▶ **Supplied material**:
+ + + + +

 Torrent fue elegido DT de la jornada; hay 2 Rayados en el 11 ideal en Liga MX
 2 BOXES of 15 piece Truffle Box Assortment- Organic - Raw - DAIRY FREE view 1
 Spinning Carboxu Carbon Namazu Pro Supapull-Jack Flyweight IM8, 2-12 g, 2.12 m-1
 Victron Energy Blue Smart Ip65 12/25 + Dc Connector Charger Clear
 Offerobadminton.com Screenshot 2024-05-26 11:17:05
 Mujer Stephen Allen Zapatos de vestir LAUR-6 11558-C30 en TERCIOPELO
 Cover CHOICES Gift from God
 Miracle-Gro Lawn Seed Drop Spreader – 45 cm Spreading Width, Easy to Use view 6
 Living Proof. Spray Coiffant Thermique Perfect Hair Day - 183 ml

+ + + + +

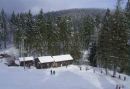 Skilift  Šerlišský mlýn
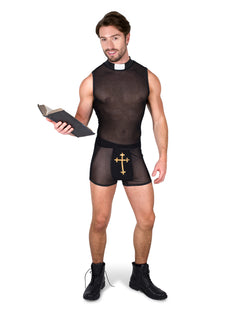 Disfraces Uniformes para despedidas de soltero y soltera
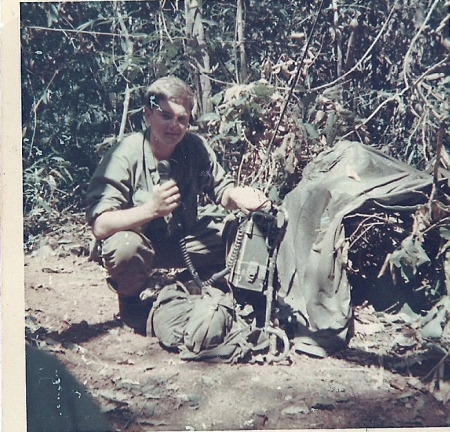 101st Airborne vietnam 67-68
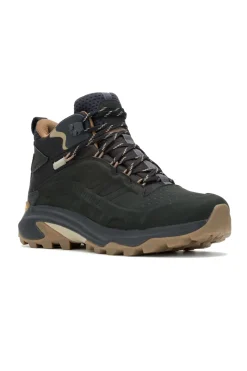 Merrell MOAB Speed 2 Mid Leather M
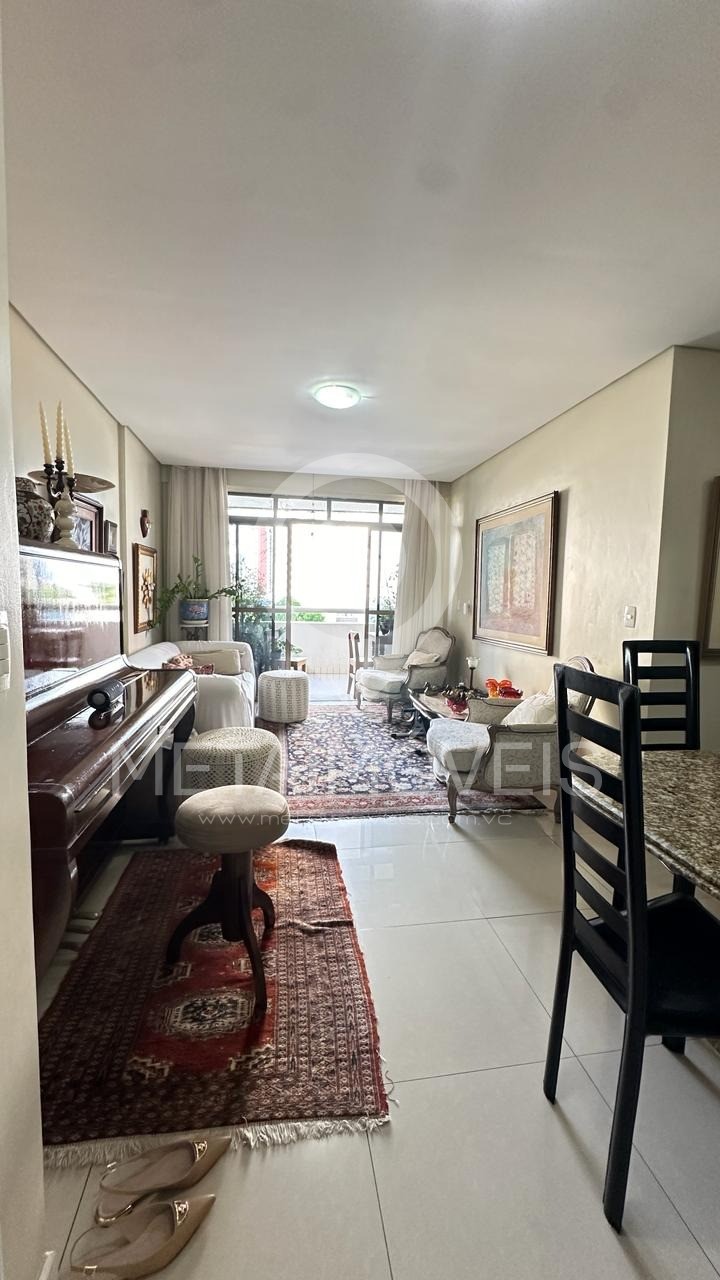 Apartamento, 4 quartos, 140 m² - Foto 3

+ + + + +

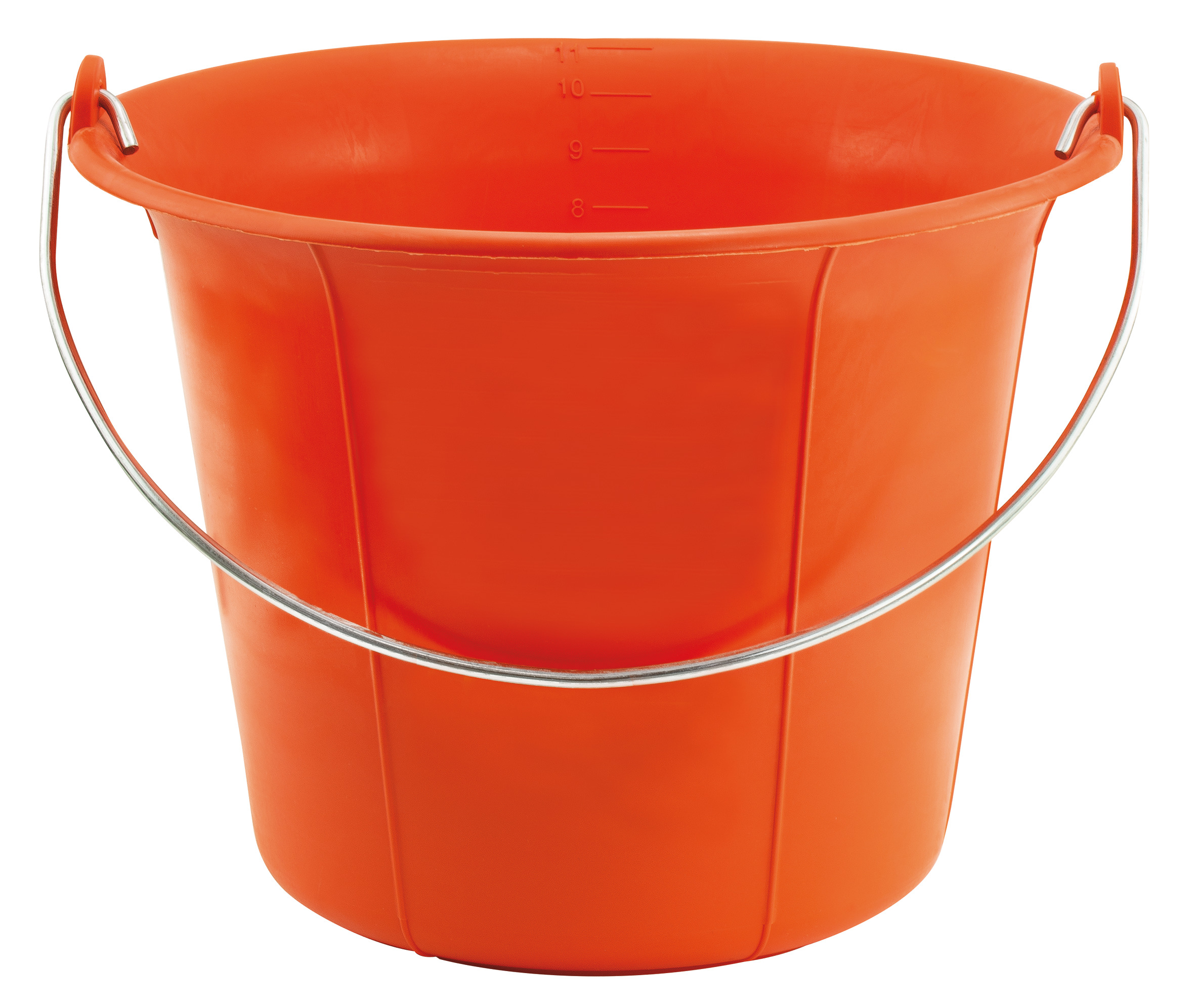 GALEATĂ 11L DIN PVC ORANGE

+ + + + +

Would you copy every line of the entries that includes the word "view"?

▶ **Output of the exercise**:
 2 BOXES of 15 piece Truffle Box Assortment- Organic - Raw - DAIRY FREE view 1
 Miracle-Gro Lawn Seed Drop Spreader – 45 cm Spreading Width, Easy to Use view 6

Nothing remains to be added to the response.